Even though the algorithm is non-deterministic (because we need to pick a equality to work on), the order does not matter. Because you can commit to any order, it is never necessary to undo your work and try a different equation instead. This technique is usually called backtracking and is necessary for the proof search in Prolog, but not for unification itself.

Now you're only left to pick a suitable data-structure for terms and substitutions and implement the algorithms for applying a substitution to a term as well as the rule based unification algorithm.

[1] If we try to solve X = f(X), we would see that X needs to be of the form f(Y) to apply decomposition. That leads to solving the problem f(Y) = f(f(Y)) and subsequently Y = f(Y). Since the left hand side always has one application of f less than the right hand side, they can not be equal as long we see a term as a finite structure.


I get more confused than enlightened

Been there, done that.

Note: For any source code referenced I did not test the code and can not say it is valid, they are given as an example and look correct enough that I would load them up and run test cases against them to determine their validity.

First: You will get much better search results if you use the correct terminology, use backward chaining instead of Backtracking. e.g. backward-chaining/inference.py

Second: Understand that your question has three separate phases listed.
1. Unification algorithm
2. Backward chaining that uses Unification
3. A data structure for a list. You would not implement this as Python source code but as text to be passed to your functions. See: cons

You should first develop and fully test unification before moving onto backward chaining. Then fully develop and test backward chaining before creating a list data structure. Then fully test your list data structure.

Third: There is more than one way to implement the unification algorithm.
a. You noted the one that uses transformation rules, or noted as A rule based approach in Unification Theory by Baader and Snyder, e.g. delete decompose etc.
b. I prefer the algorithm noted as Unification by recursive descent in Unification Theory by Baader and Snyder given in this OCaml example or Python example
c.

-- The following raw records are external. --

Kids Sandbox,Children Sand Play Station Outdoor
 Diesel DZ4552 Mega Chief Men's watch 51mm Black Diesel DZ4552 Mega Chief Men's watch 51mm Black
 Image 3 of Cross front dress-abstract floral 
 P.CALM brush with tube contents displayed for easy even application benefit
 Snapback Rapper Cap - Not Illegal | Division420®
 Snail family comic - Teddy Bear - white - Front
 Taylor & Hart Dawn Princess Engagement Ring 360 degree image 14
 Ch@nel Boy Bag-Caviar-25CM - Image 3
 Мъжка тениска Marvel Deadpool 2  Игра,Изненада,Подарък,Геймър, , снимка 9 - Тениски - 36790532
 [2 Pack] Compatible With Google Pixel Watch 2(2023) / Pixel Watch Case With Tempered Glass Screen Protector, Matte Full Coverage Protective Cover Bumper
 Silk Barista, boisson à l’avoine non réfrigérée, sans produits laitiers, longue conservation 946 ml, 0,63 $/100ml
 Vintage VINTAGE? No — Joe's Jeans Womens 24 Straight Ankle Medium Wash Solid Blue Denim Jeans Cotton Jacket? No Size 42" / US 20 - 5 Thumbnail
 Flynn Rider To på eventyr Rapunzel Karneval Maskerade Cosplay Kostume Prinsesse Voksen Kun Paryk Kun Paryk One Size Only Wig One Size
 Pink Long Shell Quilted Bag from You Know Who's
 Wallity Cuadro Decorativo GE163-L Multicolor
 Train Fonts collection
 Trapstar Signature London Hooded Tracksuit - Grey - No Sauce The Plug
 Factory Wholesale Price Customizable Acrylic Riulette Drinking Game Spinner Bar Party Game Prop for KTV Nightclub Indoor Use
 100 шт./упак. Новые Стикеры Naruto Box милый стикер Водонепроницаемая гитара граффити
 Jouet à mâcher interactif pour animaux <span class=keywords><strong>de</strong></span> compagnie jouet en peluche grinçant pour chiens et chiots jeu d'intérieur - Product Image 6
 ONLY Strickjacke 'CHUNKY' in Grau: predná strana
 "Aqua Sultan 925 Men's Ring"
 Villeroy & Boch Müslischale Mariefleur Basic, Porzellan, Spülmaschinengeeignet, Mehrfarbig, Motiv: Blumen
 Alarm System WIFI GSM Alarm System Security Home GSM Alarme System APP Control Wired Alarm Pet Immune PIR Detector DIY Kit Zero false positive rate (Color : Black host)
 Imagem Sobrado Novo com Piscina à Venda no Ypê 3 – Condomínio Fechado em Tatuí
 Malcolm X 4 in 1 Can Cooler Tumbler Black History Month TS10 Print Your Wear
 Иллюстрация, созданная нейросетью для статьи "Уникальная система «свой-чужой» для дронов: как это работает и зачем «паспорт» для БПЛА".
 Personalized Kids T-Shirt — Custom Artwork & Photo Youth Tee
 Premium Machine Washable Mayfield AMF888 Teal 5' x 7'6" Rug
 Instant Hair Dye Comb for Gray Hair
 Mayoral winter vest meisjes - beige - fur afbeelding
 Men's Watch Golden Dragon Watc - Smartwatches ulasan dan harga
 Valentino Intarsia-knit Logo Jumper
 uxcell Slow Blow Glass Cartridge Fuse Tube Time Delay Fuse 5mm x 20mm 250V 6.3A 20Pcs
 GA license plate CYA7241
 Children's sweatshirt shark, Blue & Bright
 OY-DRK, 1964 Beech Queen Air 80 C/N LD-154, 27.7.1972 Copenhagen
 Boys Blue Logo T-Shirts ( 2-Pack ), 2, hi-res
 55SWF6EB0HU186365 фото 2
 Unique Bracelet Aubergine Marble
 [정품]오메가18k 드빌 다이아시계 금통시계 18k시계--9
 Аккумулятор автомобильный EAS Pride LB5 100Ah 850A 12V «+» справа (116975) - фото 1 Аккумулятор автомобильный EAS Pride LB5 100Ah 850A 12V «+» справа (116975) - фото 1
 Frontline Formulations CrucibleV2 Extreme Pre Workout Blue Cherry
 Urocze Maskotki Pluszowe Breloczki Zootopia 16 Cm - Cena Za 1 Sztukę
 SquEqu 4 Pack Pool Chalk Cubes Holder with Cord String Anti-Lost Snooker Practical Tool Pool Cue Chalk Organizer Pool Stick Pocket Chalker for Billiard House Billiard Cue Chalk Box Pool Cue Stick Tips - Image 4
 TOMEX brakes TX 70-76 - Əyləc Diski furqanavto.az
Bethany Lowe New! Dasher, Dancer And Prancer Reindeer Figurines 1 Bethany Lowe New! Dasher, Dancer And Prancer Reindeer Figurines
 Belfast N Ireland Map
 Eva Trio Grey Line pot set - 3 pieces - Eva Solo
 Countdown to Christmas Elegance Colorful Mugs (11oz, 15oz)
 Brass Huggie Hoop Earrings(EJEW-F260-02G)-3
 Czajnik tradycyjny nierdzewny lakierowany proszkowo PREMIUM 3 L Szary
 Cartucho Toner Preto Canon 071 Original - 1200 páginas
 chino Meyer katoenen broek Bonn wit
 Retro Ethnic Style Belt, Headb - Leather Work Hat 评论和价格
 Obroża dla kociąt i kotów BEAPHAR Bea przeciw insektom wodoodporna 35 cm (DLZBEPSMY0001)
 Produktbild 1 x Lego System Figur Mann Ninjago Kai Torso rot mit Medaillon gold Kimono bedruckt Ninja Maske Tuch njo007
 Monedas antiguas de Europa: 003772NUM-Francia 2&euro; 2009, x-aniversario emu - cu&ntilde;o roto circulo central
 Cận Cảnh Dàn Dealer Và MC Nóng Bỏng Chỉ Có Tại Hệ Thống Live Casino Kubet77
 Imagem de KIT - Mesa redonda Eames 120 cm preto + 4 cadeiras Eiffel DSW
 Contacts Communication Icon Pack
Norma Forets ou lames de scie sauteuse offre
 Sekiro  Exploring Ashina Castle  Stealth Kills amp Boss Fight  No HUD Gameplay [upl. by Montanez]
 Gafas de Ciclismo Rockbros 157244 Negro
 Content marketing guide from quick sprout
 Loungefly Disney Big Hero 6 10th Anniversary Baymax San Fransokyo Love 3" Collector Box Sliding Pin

I have seen some that use permutations but can't find a good reference at present.

Fourth: From personal experience, understand how each phase works by using pen and paper first, then implement it in code.

Fifth: Again from personal experience, there is lots of information out there on how to do this but the math and technical papers can be confusing as many gloss over something critical to a self-learner or are too dense. I would suggest that instead you focus on finding implementations of the source code/data structures and use that to learn.

Sixth: compare your results against actual working code, e.g. SWI-Prolog.

I can't stress enough how much you need to test each phase before moving on to the next and make sure you have a complete set of test cases.

When I wanted to learn how to write this in a functional language the books on AI 1 2 3 and The Programming Languages Zoo were invaluable. Had to install environments for Lisp and OCaml but was worth the effort.